- Action item
Retype the records word for word. Skip every image.

Short descriptive text snippets:

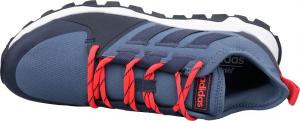 Adidas Buty męskie Kanadia Trail niebieskie r. 44 2/3 (F36061) 3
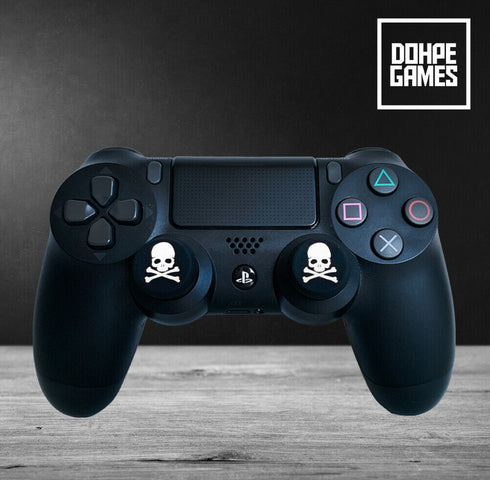 Skull Thumb Grips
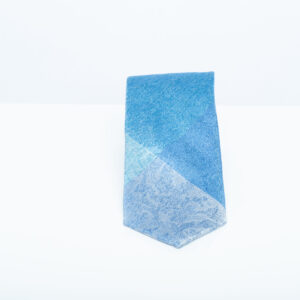 Ocean Breeze Microfibre Tie
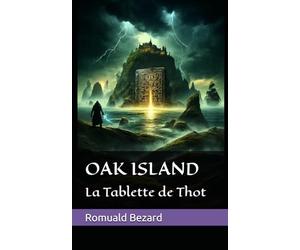 OAK ISLAND - La Tablette de Thot: Chroniques de Science-Fiction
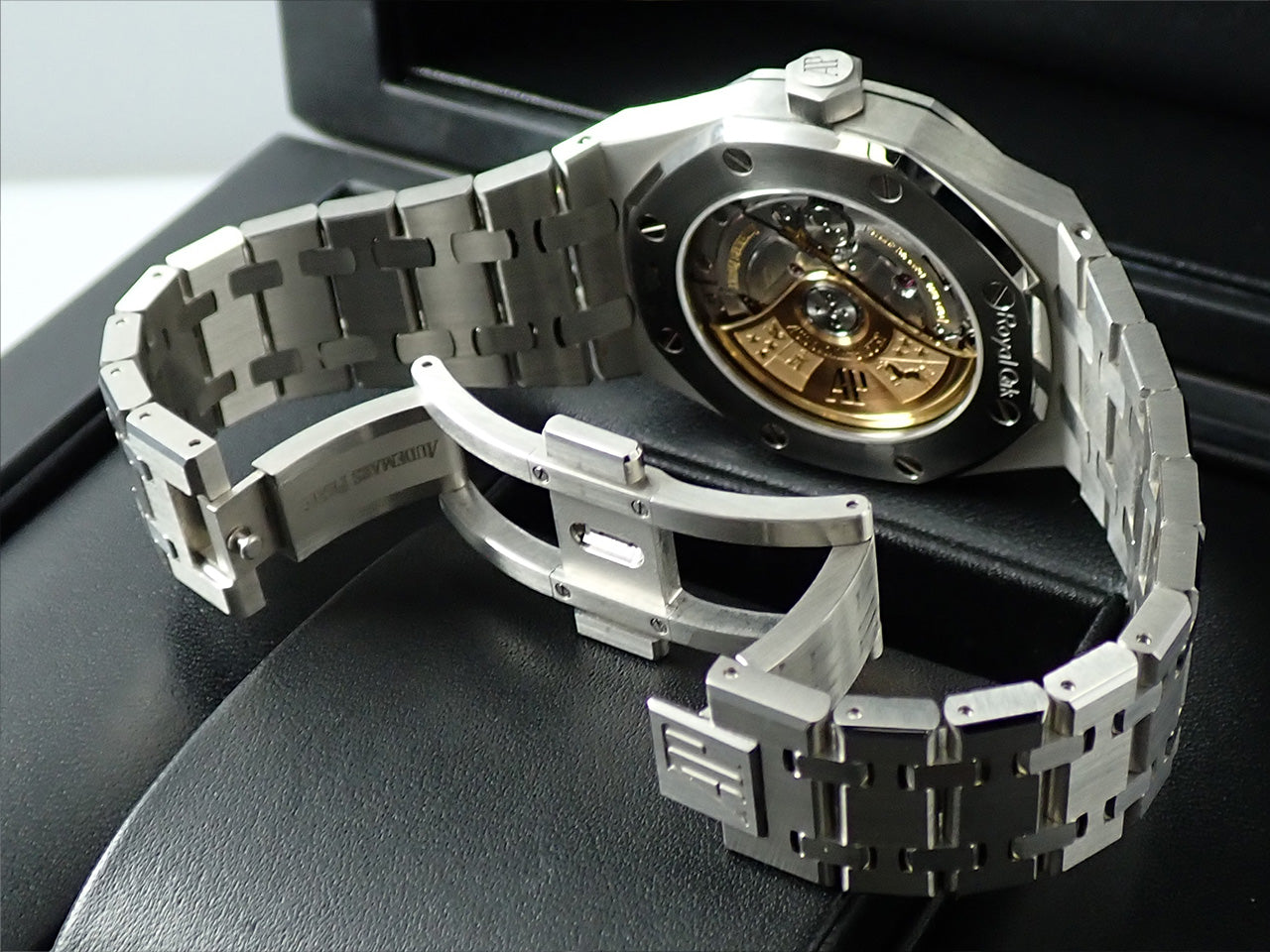 Audemars Piguet Royal Oak Automatic &lt;Warranty, Box, etc.&gt;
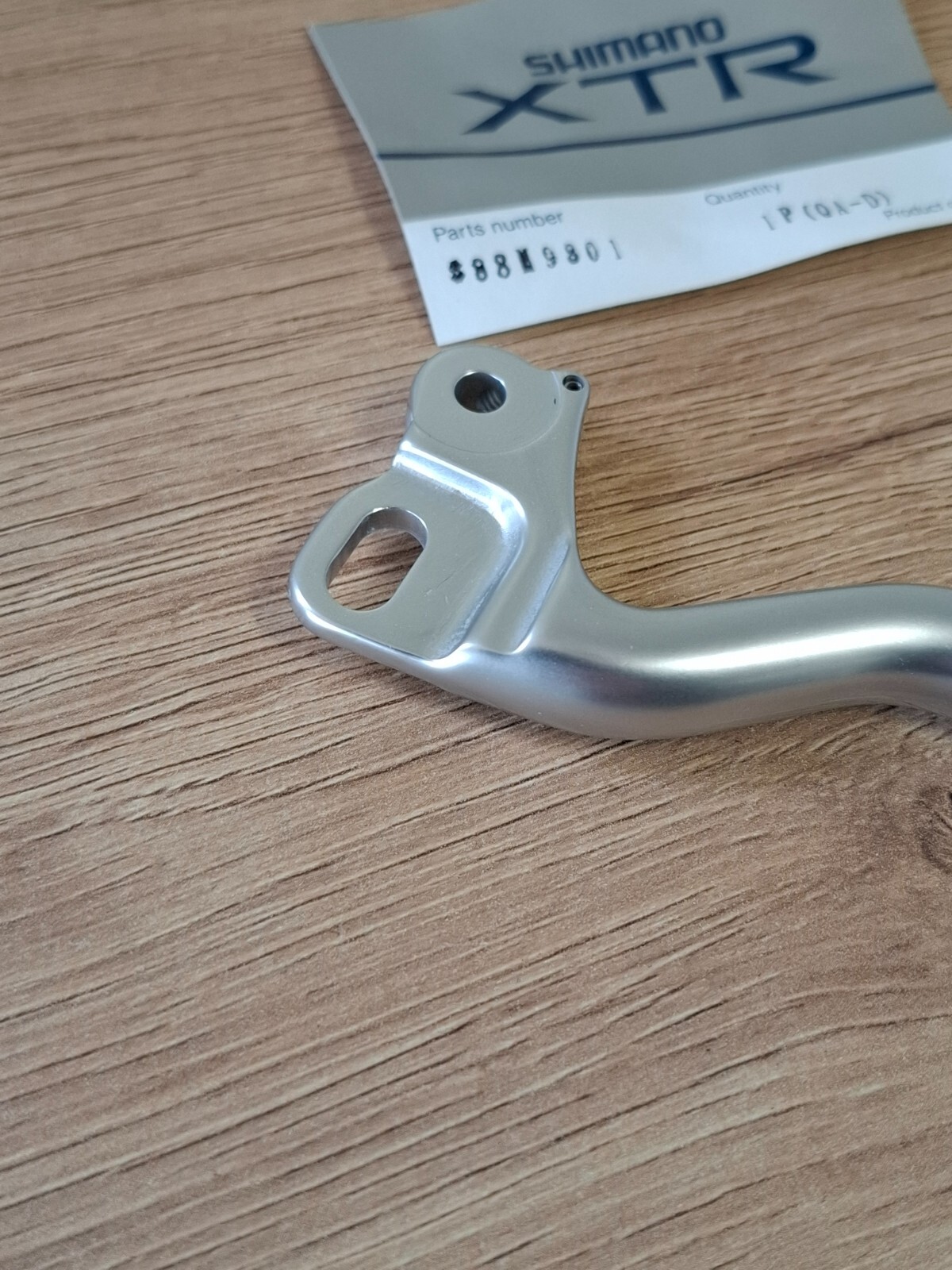 Retro Bicycle NIB NOS Parts Shimano XTR Brake Lever Body ST-M900 2-Finger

- Result of this task
 Adidas Buty męskie Kanadia Trail niebieskie r. 44 2/3 (F36061) 3
 Skull Thumb Grips
 Ocean Breeze Microfibre Tie
 OAK ISLAND - La Tablette de Thot: Chroniques de Science-Fiction
 Audemars Piguet Royal Oak Automatic &lt;Warranty, Box, etc.&gt;
 Retro Bicycle NIB NOS Parts Shimano XTR Brake Lever Body ST-M900 2-Finger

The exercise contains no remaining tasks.